(SUPPLIED MATERIAL)

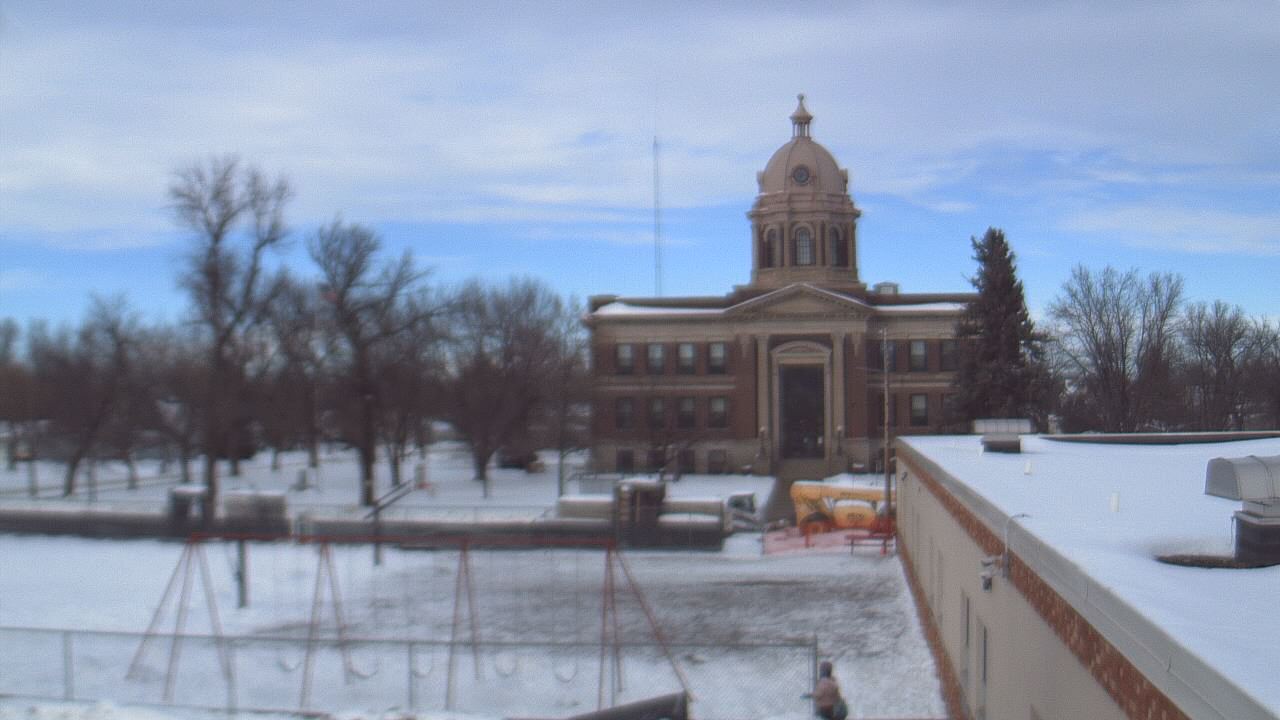 Thumbnail for current weather camera view from Ellendale HS in Ellendale, North Dakota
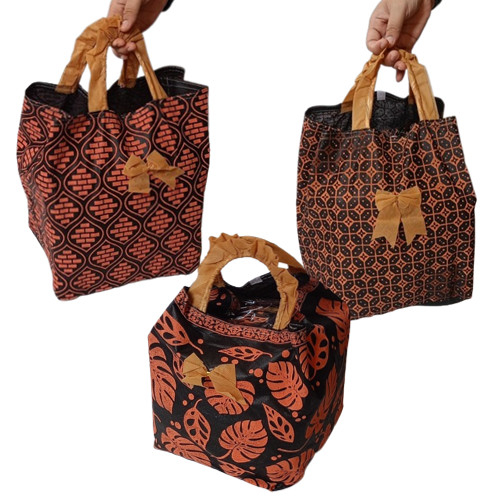 Tas Berkat Tas Hajatan Serut Motif Batik Tebal Tas Kotak Nasi Ukuran 20cm 22cm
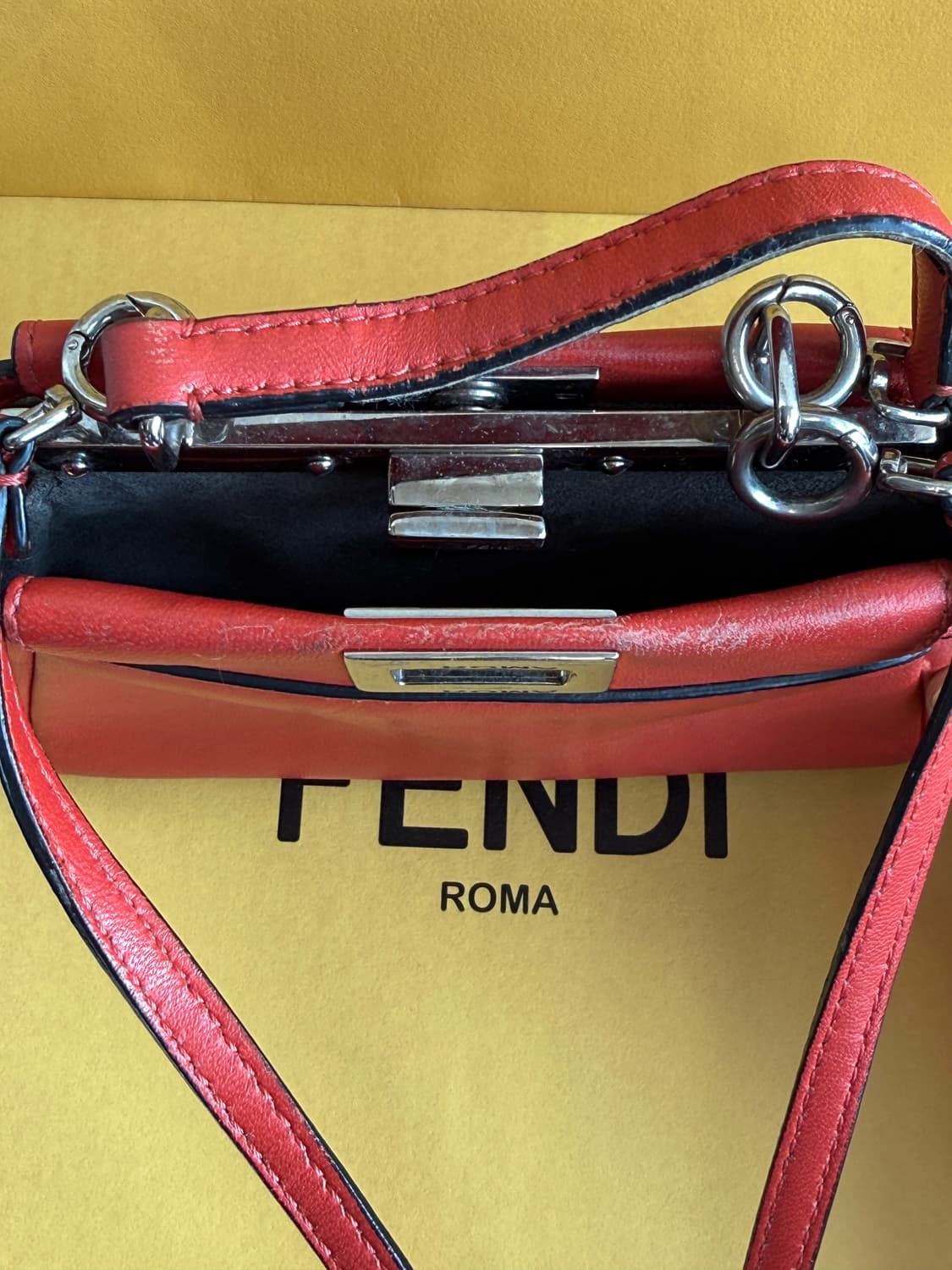 [정품+풀박+영수증] 펜디 마이크로 피카부백 오렌지 나파레더 상품이미지6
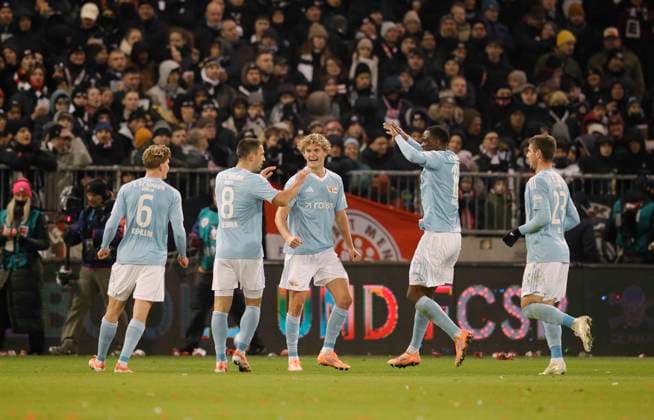 Foto : Torjubel bei UNion Spielern nach dem 0-1 , Rani KHEDIRA und rechts Ilyas ANSAH ( Union ) , mitte Tom Rothe Fussball 1. Bundesliga , FC St. Pauli - Union Berlin 11. Spieltag am Sa. 23.11.2025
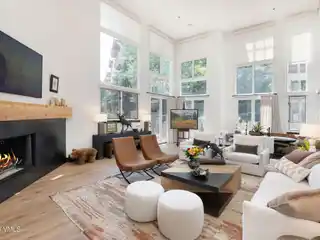 Fully Remodeled Residence Steps from the Ski Lift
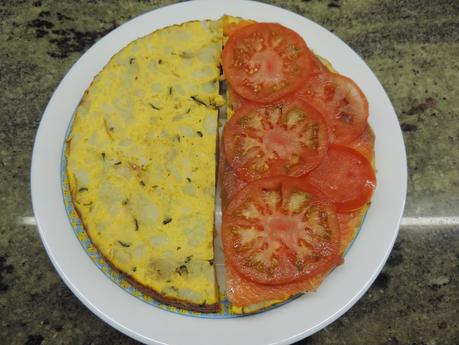 Montaditos o pinchos de tortilla de patata, cebolla, calabacin, salmón ahumado, tomate, lechuga y col lombarda.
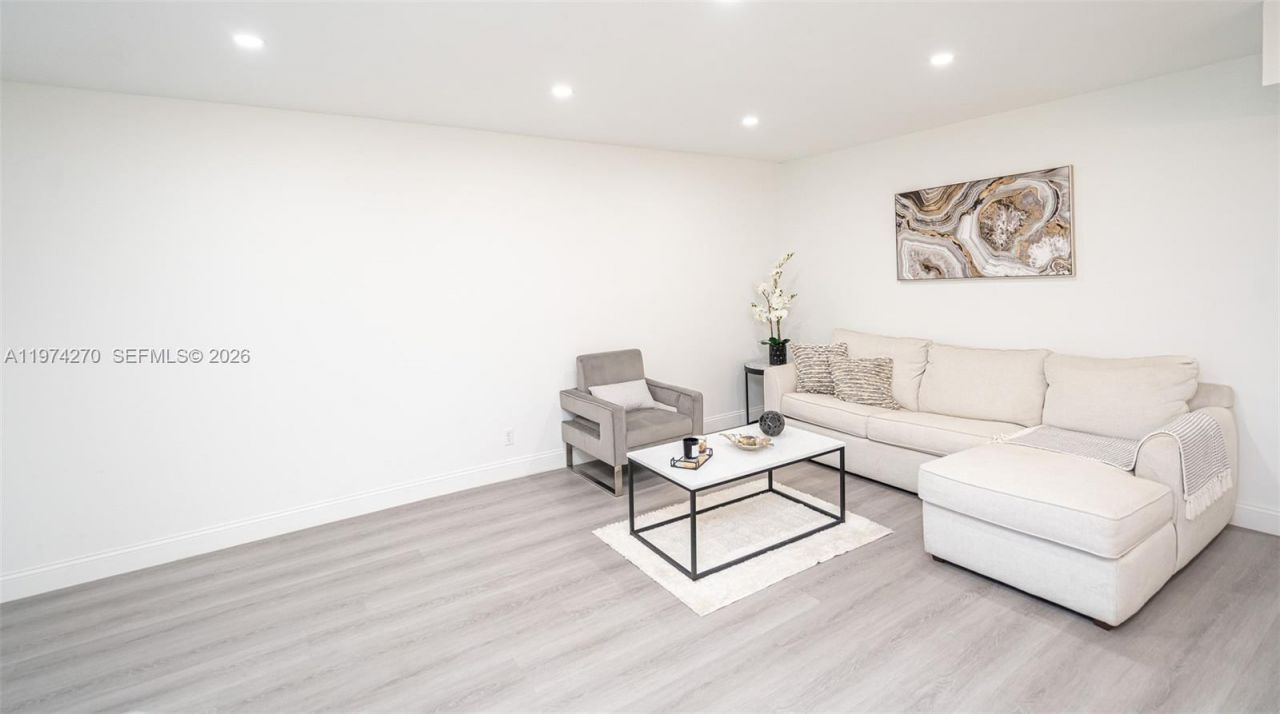 5300 Washington St , Unit T227, Hollywood, FL 33021 Photo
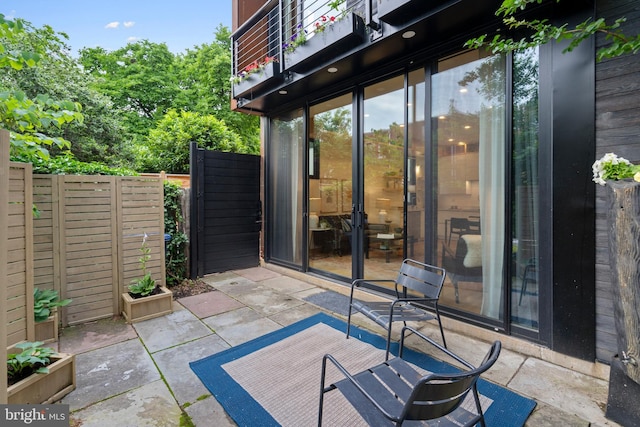 135 13th St NE, Washington, DC 20002 - view of patio / terrace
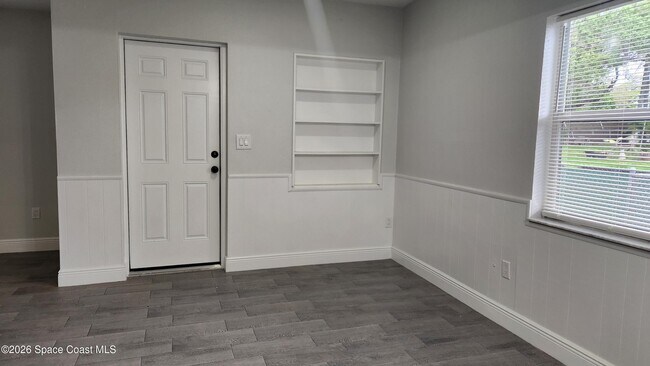 Building Photo - 102 S Christmas Hill Rd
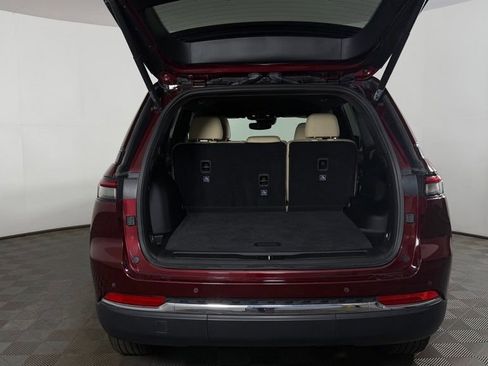 Used 2024 Jeep Grand Cherokee Limited AWD/4WD image 10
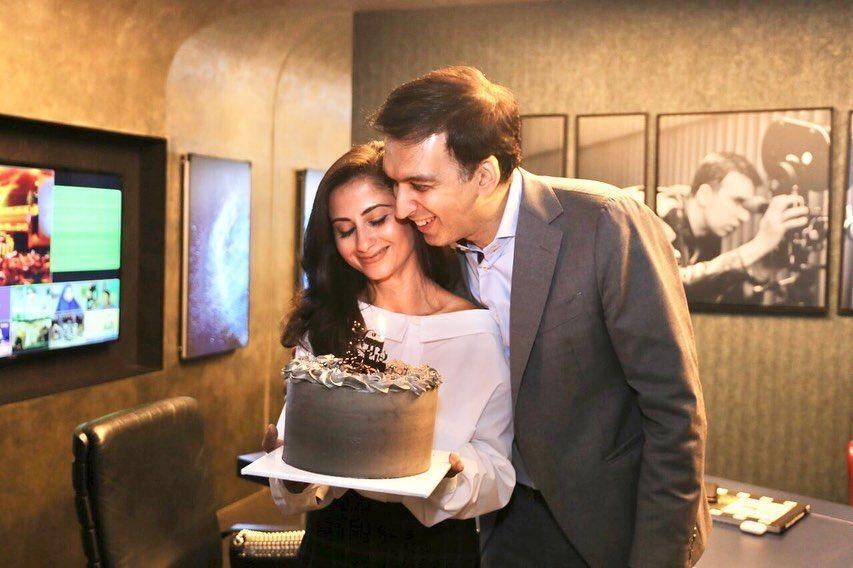 Rayakan Ultah Istri, 10 Potret Mesra Manoj Punjabi & Shania Lakhaiani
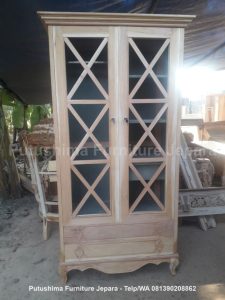 Lemari Pakaian Modern Warna Pink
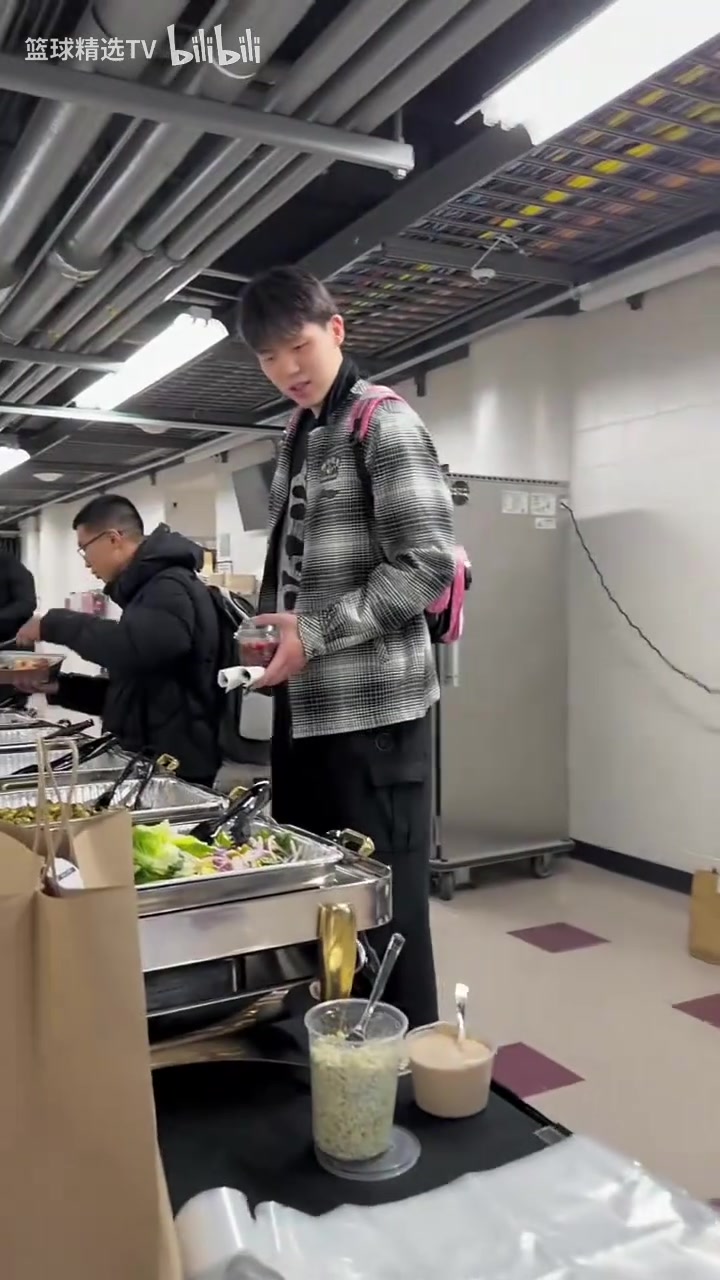 开云体育官方app-杨瀚森赛后都吃什么？来看看开拓者&amp;湖人&amp;掘金三队的赛后餐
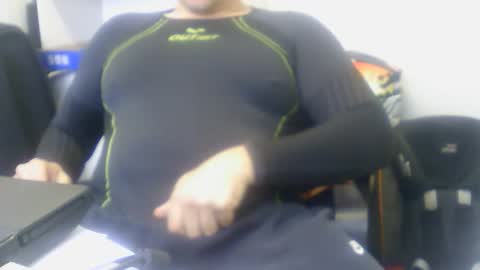 derssing online show from February 20, 2026, 9:54 am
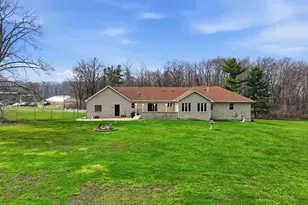 1251 N Mineral Springs Rd, Westchester Township, IN 46304 - Photo 9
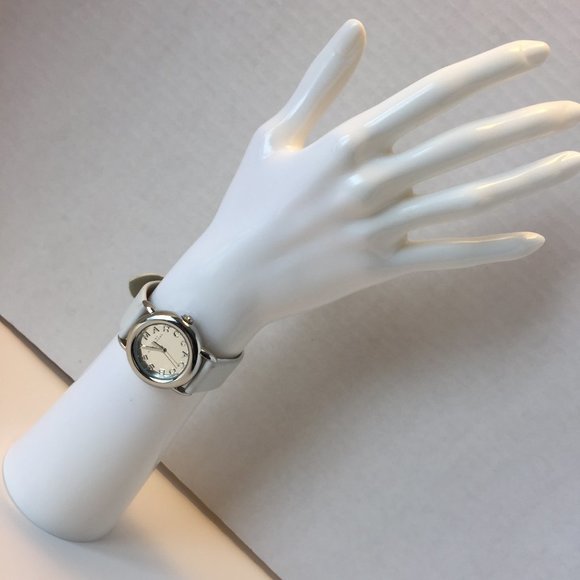 ⌚︎MARC JACOBS White Watch⌚︎NEEDS BATTERY - Picture 4 of 8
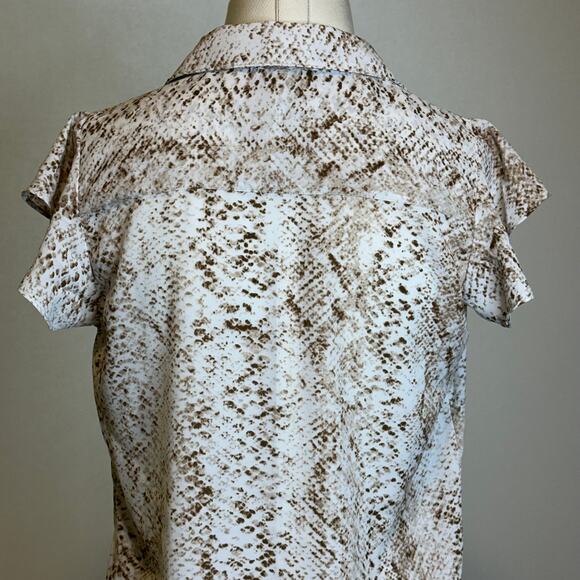Calvin Klein Snake Print Ruffle Short Sleeve Button Up Blouse Womens Size Small - Picture 9 of 14
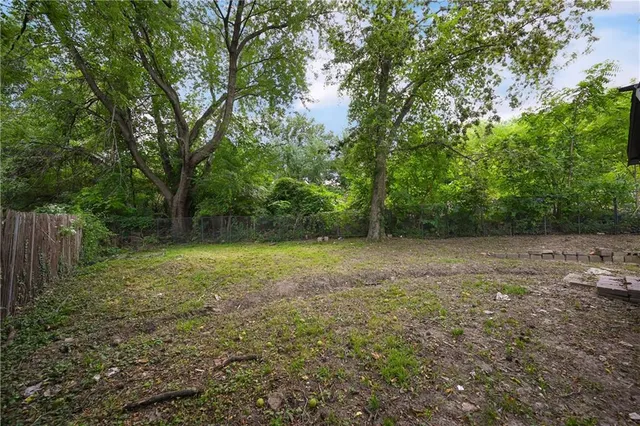 $145,900 | 10709 East 13 Street South, Independence, MO 64052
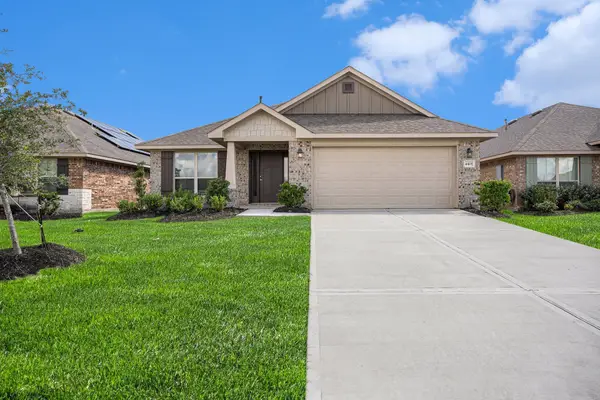 4401 East Bayou Maison Circle, Dickinson, TX 77539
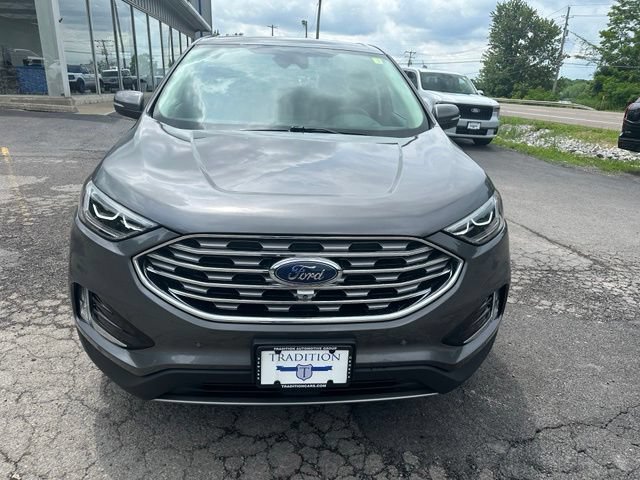Used 2022 Ford Edge Titanium w/ Equipment Group 301A AWD/4WD image 7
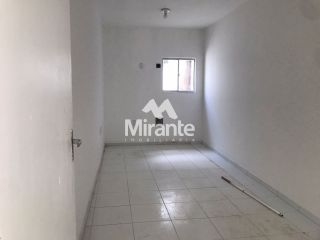 Casa Para Alugar no bairro Centro em Feira De Santana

(TASK TO COMPLETE)
Leave out the pictures and restate, word for word, the lines from the top of the data through the line containing "[정품+풀박+영수증] 펜디 마이크로 피카부백 오렌지 나파레더 상품이미지6", both included.

(EXERCISE OUTPUT)
 Thumbnail for current weather camera view from Ellendale HS in Ellendale, North Dakota
 Tas Berkat Tas Hajatan Serut Motif Batik Tebal Tas Kotak Nasi Ukuran 20cm 22cm
 [정품+풀박+영수증] 펜디 마이크로 피카부백 오렌지 나파레더 상품이미지6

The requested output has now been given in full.